I can get a "filled" geom_line with either geom_ribbon or geom_area. Is there an equivalent for geom_step that doesn't require messing with polygons/barplots or creating the actual step points? Here is some sample data:

library(ggplot2)
set.seed(1)
df <- data.frame(
  x=rep(sort(sample(1:20, 5)), 3), 
  y=ave(runif(15), rep(1:3, each=5), FUN=cumsum),
  grp=letters[rep(1:3, each=5)]
)
ggplot(df, aes(x=x, y=y, color=grp)) + geom_step(position="stack")

Which produces:

Basically, I want exactly the same thing, but with filled areas. I know how to do this by actually creating the x/y values required for the steps and using geom_area, but I'm hoping there is something simpler.

Answer 1

I know the question is a few years old, but I had the same problem today. For reference here's my solution. It's not more concise than the original answer, but may be easier to understand for some.

library(ggplot2)
library(dplyr)

df <- data.frame(x = seq(10), y = sample(10))

df_areaStep <- bind_rows(old = df, 
                         new = df %>% mutate(y = lag(y)),
                         .id = "source") %>%
               arrange(x, source)

ggplot(df, aes(x,y)) + 
  geom_ribbon(aes(x = x, ymin = 0, ymax = y), data = df_areaStep)

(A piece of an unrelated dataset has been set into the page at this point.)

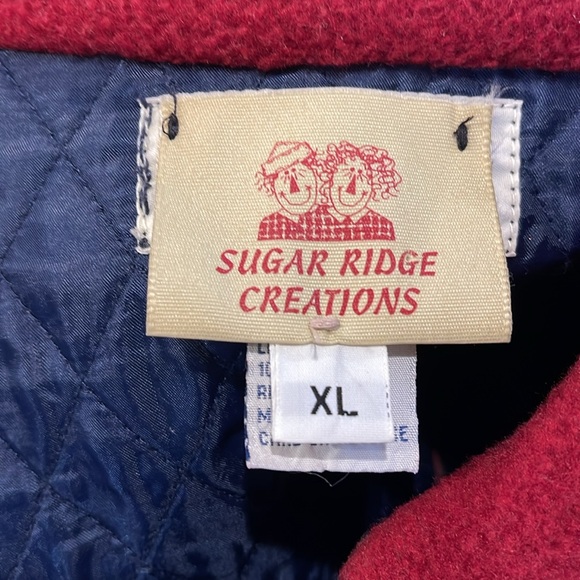 Sugar Ridge Creations Haik's denim quilted jacket with snowman appliqué size xl - Picture 7 of 8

See this gist for longer version with comments.

Answer 2

Here is the answer I was thinking of, for reference, but I'm hoping for something simpler/built-in if possible:

df2 <- rbind(
  df,
  transform(df[order(df$x),],
    x=x - 1e-9,  # required to avoid crazy steps
    y=ave(y, grp, FUN=function(z) c(z[[1]], head(z, -1L)))
) )
ggplot(df2, aes(x=x, y=y, fill=grp)) + geom_area()

Answer 3

Tobias's method above is excellent, it's beautifully clear and the longer explanation in the gist is super helpful. Thank you! There's one missing detail though: It doesn't work when you're trying to stack the grouped stepped areas as above (red, green and blue ribbons). The original poster's answer has a trick of putting the new point a tiny bit to the left of the step up to solve this problem, and can be used in Tobias's approach as well.